Esdras trouxe, mais uma vez à discussão, a questão da validade da interpretação, em comentário feito ao post do Leonel. Cito parte do comentário do Esdras:
"O texto trabalha sobre dois eixos: o da interpretação adequada e a resposta do leitor. No primeiro, embora os administradores do blog reconheçam que “há um sentido no texto”, a importância e valor da exegese histórico-gramatical e léxico-sintática são relegados, ao que parece, a questões de somenos importância pelo fato de o leitor, seu contexto e competência serem mais importantes do que o contexto, a linguagem, gramática, ou propósitos do autor.
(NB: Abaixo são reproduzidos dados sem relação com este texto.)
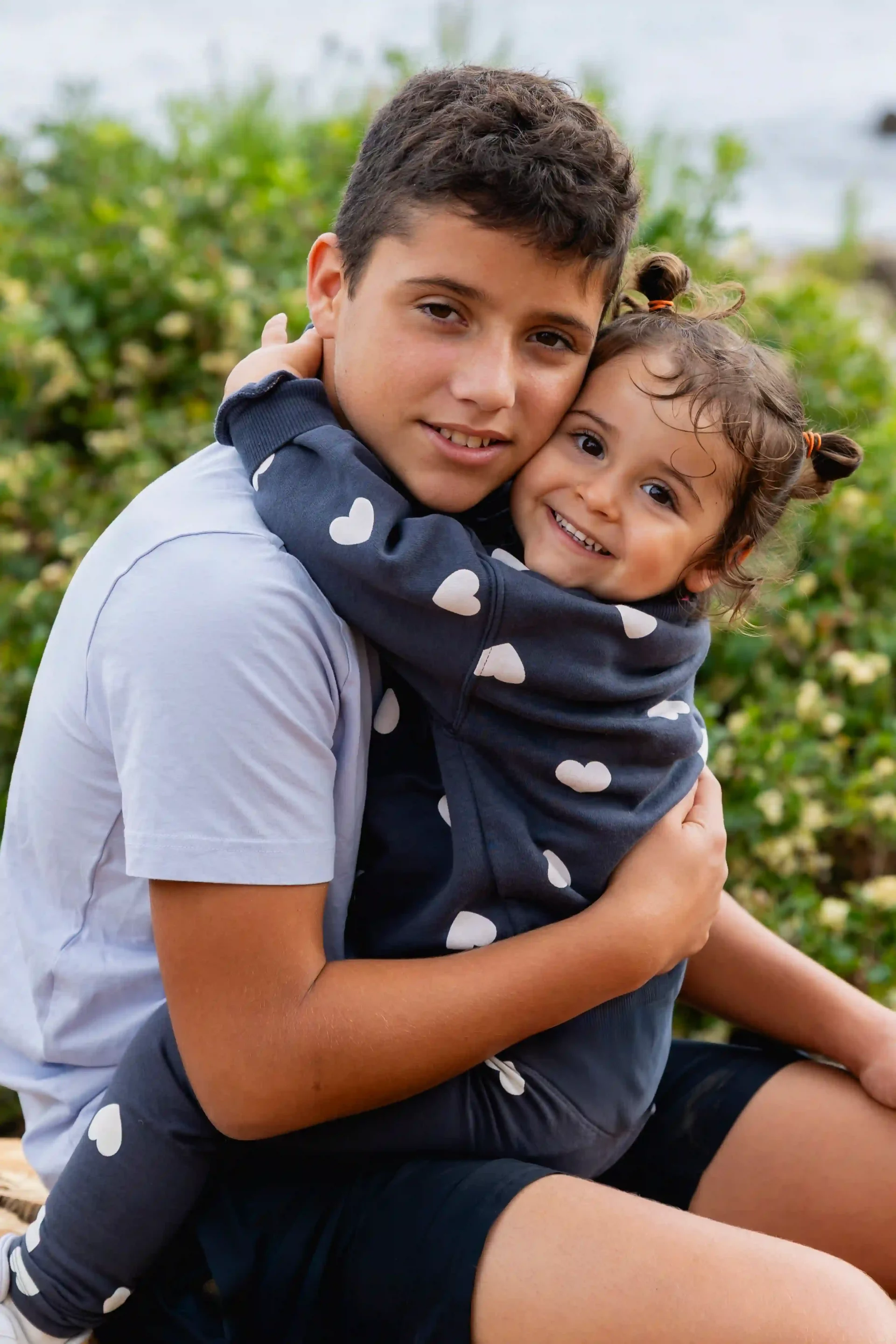 photo d'un frère et de sa petite sœur qui s'enlacent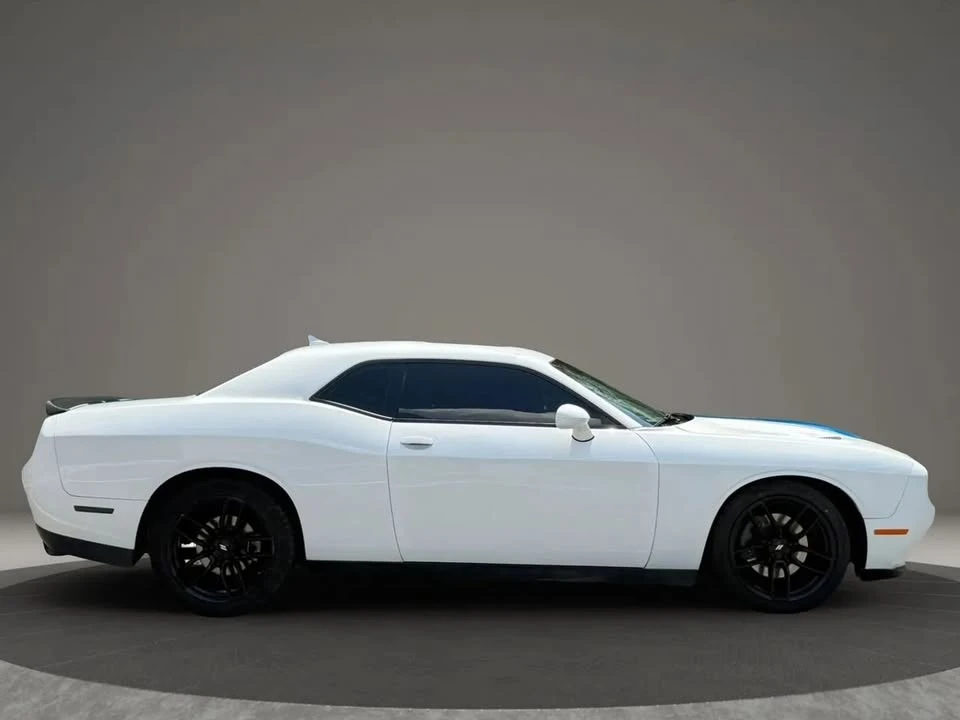 2022 Dodge Challenger 3rd Gen - Image 3 of 11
Como está claro no ensaio “o que existe é um texto que não tem ancoragem histórica em um autor e um leitor que não consegue ocupar o lugar dos leitores originais”. Todavia, minha pergunta é: Como justificar uma interpretação que, ao mesmo tempo em que faz jus ao contexto original, fale ao leitor moderno afastado do autor e de sua cultura, sem que, para isso, o texto seja desconstruído de seu propósito fundante?" (os itálicos são meus - JPTZ)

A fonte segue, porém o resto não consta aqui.